Two of the biggest hard-disk drive makers, Seagate Technology and Hitachi Global Storage Technology, both said last week that they plan to have drives on the market with the first half of this year that are capable of holding a terabyte (1000G bytes) of data.
Hitachi said it would have a drive available in the retail market before the end of March for US$399. Models for use in digital video recorders and enterprise computer servers will follow in the second quarter when production volumes increase, said Doug Pickford, Hitachi's director of market and product strategy.
The 7K1000 drive, which will be on show at next week's Consumer Electronics Show in Las Vegas, will have five 3.5-inch disk platters on which to store data. It will carry a SATA (Serial Advanced Technology Attachment) interface on the retail version. A model with the older PATA (Parallel Advanced Technology Attachment) interface will follow later, said Pickford. It will have a rotational speed of 7,200 rpm.
Seagate said in a statement that it plans to begin shipping a 1T-byte drive sometime during the first half of 2007 to major customers like system and PC vendors during that time-frame. It didn't provide any other details of the drive or its cost. Seagate also didn't address the retail market in its statement.
Terabyte drives, for long a goal of the storage industry, started to get within reach in the last year as drive makers began using a new technology called perpendicular recording.

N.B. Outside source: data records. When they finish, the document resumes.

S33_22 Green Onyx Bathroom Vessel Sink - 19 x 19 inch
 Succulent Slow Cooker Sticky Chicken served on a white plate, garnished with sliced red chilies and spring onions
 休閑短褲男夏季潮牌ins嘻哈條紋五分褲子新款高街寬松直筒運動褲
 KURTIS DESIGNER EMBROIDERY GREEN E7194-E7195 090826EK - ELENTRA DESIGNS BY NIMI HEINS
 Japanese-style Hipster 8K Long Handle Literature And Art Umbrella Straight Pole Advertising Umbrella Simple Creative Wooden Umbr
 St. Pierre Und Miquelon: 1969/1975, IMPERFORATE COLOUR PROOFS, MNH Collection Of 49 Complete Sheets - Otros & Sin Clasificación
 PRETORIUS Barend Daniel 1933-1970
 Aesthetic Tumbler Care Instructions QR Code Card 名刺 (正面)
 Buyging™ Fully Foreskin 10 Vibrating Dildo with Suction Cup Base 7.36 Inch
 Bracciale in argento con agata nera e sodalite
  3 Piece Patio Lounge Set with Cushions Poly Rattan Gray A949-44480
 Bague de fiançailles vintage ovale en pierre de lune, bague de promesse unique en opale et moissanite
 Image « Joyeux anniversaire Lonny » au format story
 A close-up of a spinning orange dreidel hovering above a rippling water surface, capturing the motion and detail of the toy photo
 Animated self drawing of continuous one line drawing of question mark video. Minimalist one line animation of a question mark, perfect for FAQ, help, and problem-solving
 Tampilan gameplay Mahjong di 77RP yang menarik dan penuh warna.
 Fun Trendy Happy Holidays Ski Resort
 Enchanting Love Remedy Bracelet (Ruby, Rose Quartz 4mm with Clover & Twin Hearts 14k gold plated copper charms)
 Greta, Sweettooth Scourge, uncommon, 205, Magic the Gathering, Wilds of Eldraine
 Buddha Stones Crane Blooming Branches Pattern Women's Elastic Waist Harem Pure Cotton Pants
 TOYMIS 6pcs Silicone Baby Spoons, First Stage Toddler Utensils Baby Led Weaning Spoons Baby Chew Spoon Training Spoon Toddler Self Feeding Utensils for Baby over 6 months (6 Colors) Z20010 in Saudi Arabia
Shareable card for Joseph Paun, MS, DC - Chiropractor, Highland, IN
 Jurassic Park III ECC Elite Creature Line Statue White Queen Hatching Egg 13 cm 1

Like the longitudinal recording that has been used until recently, perpendicular recording relies on magnetically charged particles for data storage. In longitudinal drives, the north and south poles of the magnetic particles run parallel to the disk, but in the new method they are arranged perpendicular to the disk. The result of this new arrangement is that each particle occupies a smaller area of the disk's surface and so more particles can be crammed onto the disk.
The new Hitachi drive will cram 148G bits of data into each square inch of disk space. In comparison, the company's current highest-capacity 3.5-inch drive, a 500G-byte model based on longitudinal recording, can only manage half that density.